“¿Qué tiempo hace en Grecia?” Preguntó aquel joven canadiense una lluviosa mañana tras entrar en la agencia de viajes. La mujer miró el calendario y contestó: “Sr. Cohen, en Grecia ahora es primavera. Veinte grados”.
Así fue como la casualidad hizo que se produjera ese milagro griego llamado Leonard Cohen compositor de canciones. Dejó el hombre colgado de una de las perchas del cuarto de universidad su “famoso chubasquero azul” y voló hacia una pequeña isla griega llamada Hydra, donde la luz destroza el universo cada segundo y lo recompone al instante como en ningún otro lugar. Un fenómeno que solo los poetas son capaces de apreciar.
Allí Leonard descubre algo más que la luz del mediterráneo. Descubre la posición justa de los objetos en el espacio, en un contacto con el tiempo que nada tiene que ver con lo que antes había conocido. Y empieza a componer canciones para intentar captar y descifrar esa concreción metafísica.

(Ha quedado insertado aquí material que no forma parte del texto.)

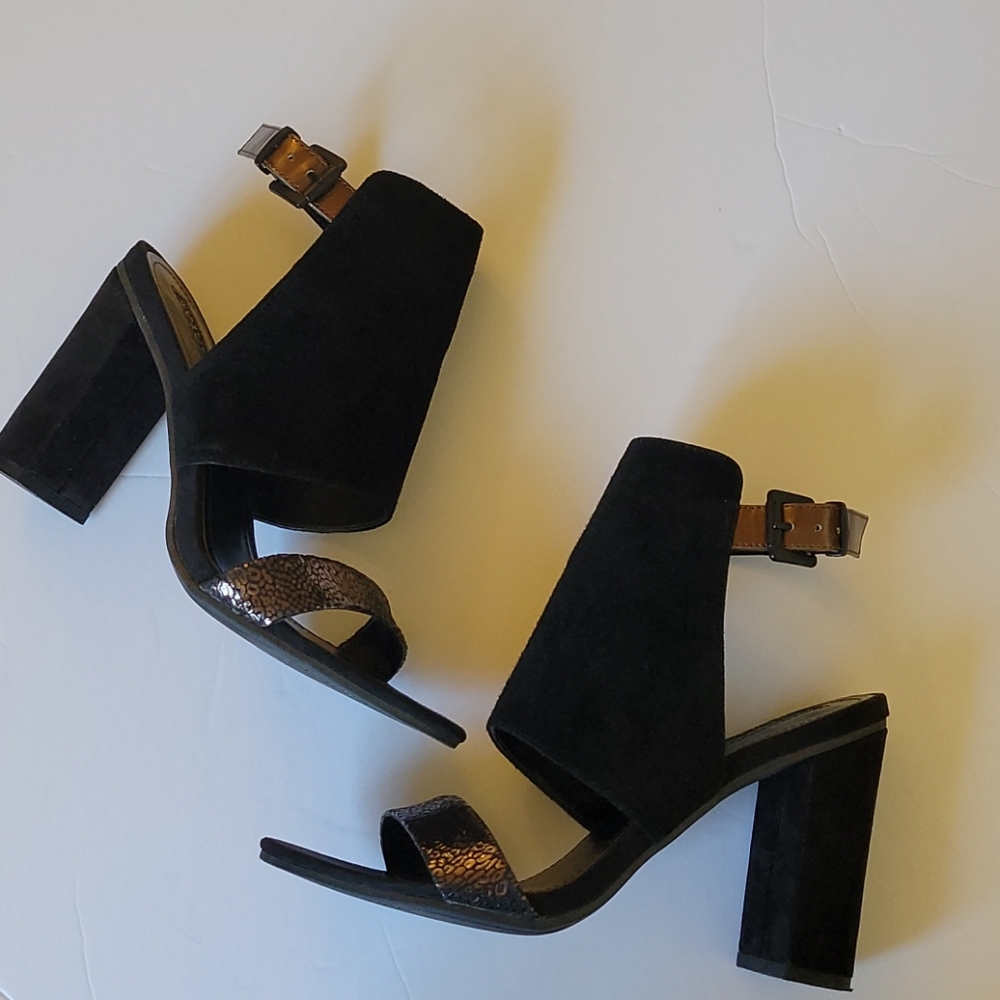 Kenneth Cole Reaction Heels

El resultado fueron las diez canciones de su primer disco, Songs of Leonard Cohen, unas grabaciones desnudas que trasladan al oyente hasta la penumbra de una austera habitación por la que pasea casi sin ropa una bella joven de origen noruego llamada Marianne Jensen, la musa de Cohen que está detrás de esas letras intimistas, sincréticas, donde el sexo y la redención parecen alcanzar en el éxtasis una forma de sublimidad que duele, como el corte de un cuchilla de afeitar recién estrenada.
En la contraportada del disco, una Anima sola, “el triunfo del espíritu que rompe las cadenas”. Leonard Cohen capta el júbilo, la alegría de vivir, el renacer en cada instante, la peculiaridad de nuestra existencia. Es la hora del mediodía, cuando Marianne sonríe y una estrella explota y se expande por el universo. Y llora y ríe y los contrarios se resuelven al compás de una mandolina.
Suenan los pies descalzos de la tropa victoriosa que vuelve polvorienta después de la batalla para celebrar el encuentro con un poderoso abrazo. Al suelo cae y se esparce la caja de especias de la tierra.